Today’s glimpse reminds us of the profound mystery: it was the God of the universe hanging there.
Seeing a glimpse behind the curtain of Jesus’ humanity gives us hope. If God can face death and bring new life, then even if this path is hard, even if it means dying in little ways every day, we, filled with the Spirit of God, will find life. If this is truly how God deals with suffering and pain, and transforms it to healing and wholeness, we, filled with the Spirit of God, can trust this path even when it’s overwhelming.
At the center of our Eucharist we say this: When we eat of this bread, and drink from this cup, we proclaim the Lord’s death until he comes. We proclaim the Lord’s death. Every week we remember we have to account for this in our theology and life: the one, true God entered death, now lives, and is coming.
It really was the God of all who faced that. That’s who walks beside us, leads ahead of us, and sustains and fills us on the path, whenever we are afraid, or stumble, or want to turn aside.
Now, we don’t often see these glimpses clearly.
Sometimes the best we have is this third- or fourth-hand account: Peter, James, and John pass it to others, who tell the evangelists, who share it with us. We don’t always see God when we look at the cross. But Paul says that’s fine. We might see dimly, like a reflection (this is twice in two weeks we’ve heard him say we see as in a mirror), but we see something. And it’s enough to go on.
We know in that dimness who is with us. And we see in that reflection a sign of who we are becoming. Paul says we are being transformed into the same image, into that glimpse. Into the likeness of Christ.
Not surprisingly, we only see this in ourselves in glimpses, too.

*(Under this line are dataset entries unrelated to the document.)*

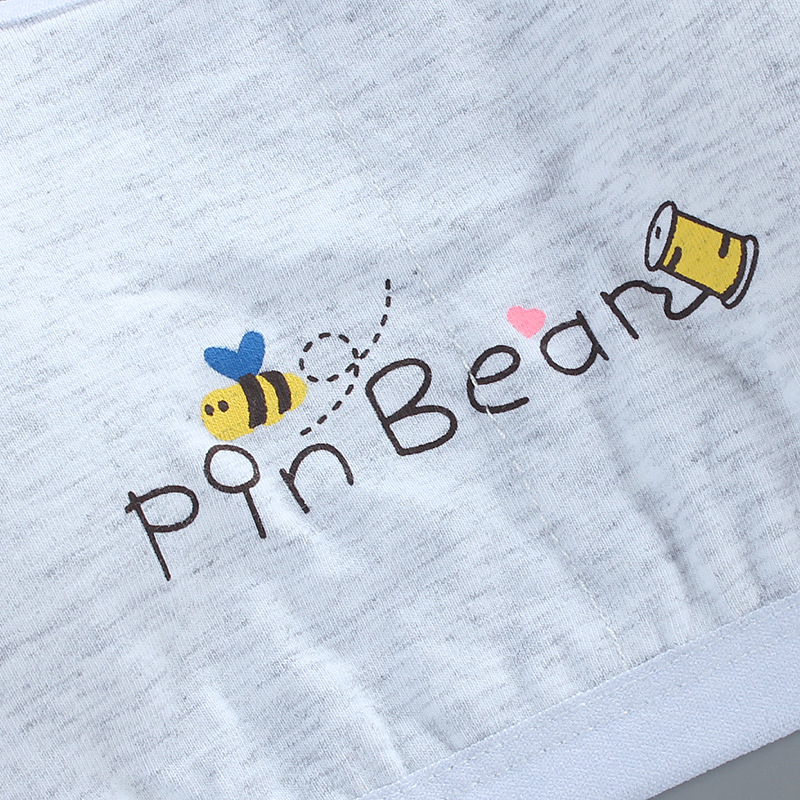 Meisjes Brasserie Ondergoed Katoen Kinderen Beha Dot Adolescente Meisjes Training Bras Ademend Tiener Meisje Tops Crop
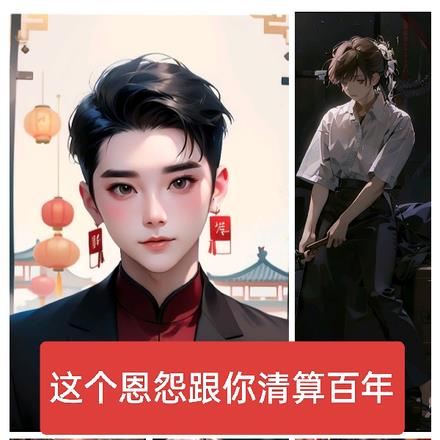 这个恩怨跟你清算百年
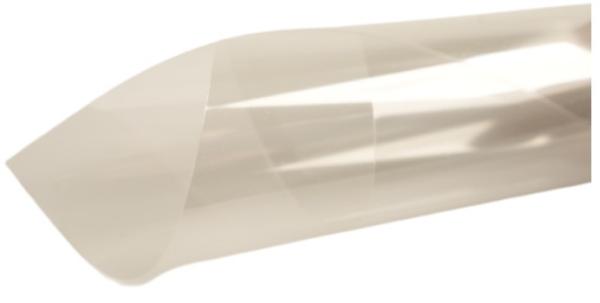80 Micron For Laminated Glass Twist Petg Shrink Holographic Sequins Spangle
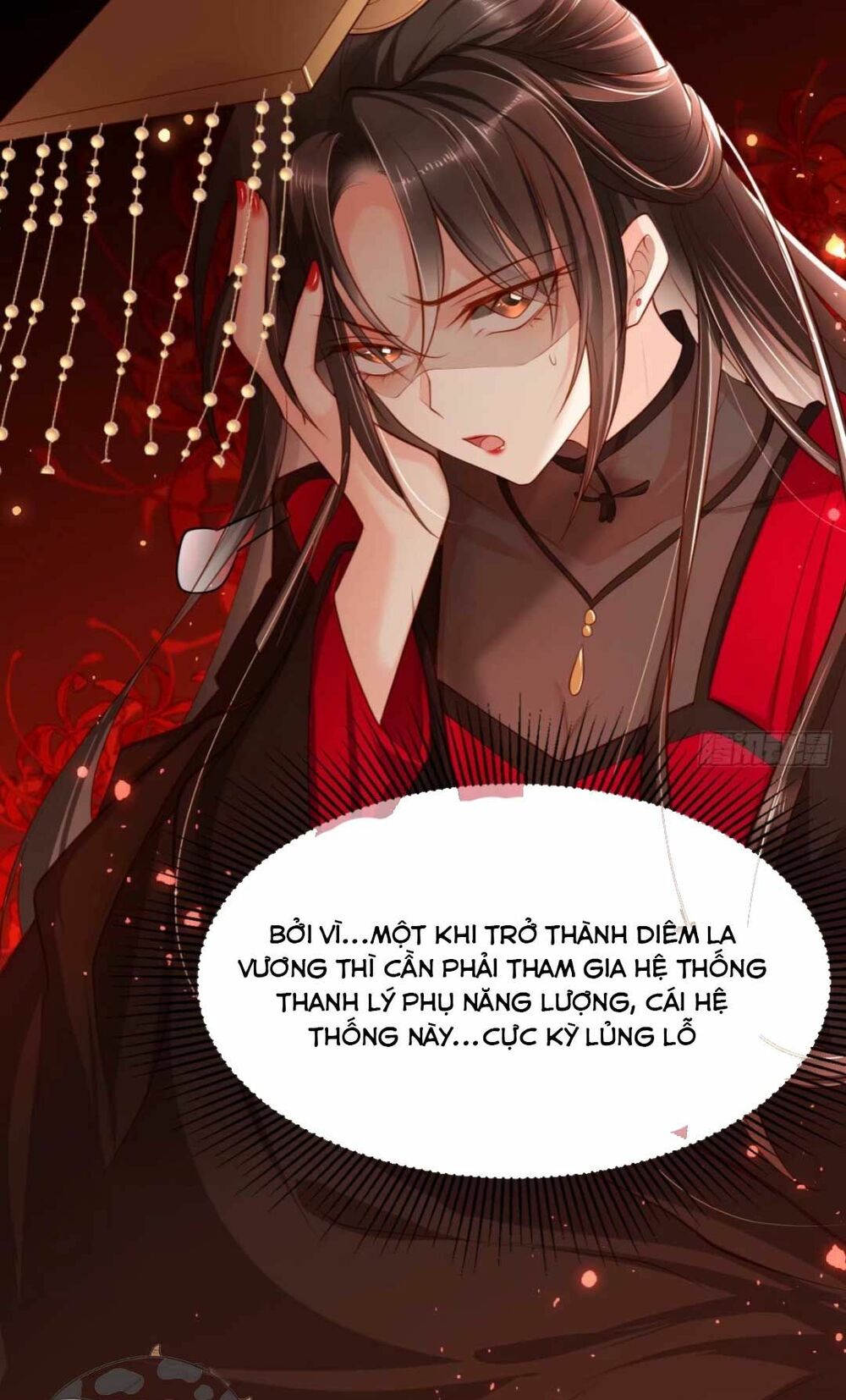 Hướng Dẫn Làm Nhiệm Vụ Của Nữ Diêm La: Chapter 4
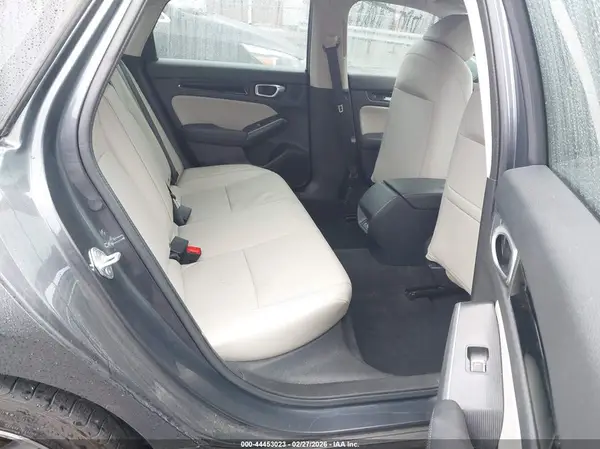 2HGFE1F90PH315413 2023 HONDA CIVIC - Image 8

If our destiny is that in walking Christ’s path of self-giving love, we become the Christ we follow, we don’t often see that clearly.
We know our flaws, we fret about our weaknesses. But every so often we have a moment where it makes sense, where we act, and realize the Spirit is there, where we know we are Christ. We get a glimpse of ourselves, like in a mirror, transformed. And that, too, is enough to keep us going.
Sometimes we can even look back with a few years’ perspective on our lives, and marvel at how different the Spirit has made us. The glimpses in the moment become, after many years, realities of the children of God we are transforming into.
So now we turn to Lent, to practice walking this hard path.
We get a glimpse today of who is walking with us, and filling us. And of who we are becoming.
And that will get us through. These glimpses of Christ in our lives, of the moments we are Christ, help us set aside our fear and our reluctance and step forward on Christ’s path.
Today in our liturgy we remind ourselves of this. We bid farewell to Alleluia in Lent so we can focus. We need Lent to teach us once again what it is to walk Christ’s path, to follow the way of divine love with our lives.
But we carry through Lent the glimpse of Alleluia with us in our hearts until the Easter feast, even as we carry through life’s wilderness the glimpse of the image of God who is with us, the image of who we are becoming, until we fully see all.
And “so we do not lose heart.” By God’s mercy we live our ministry. We see this, if only in glimpses. And we do not lose heart.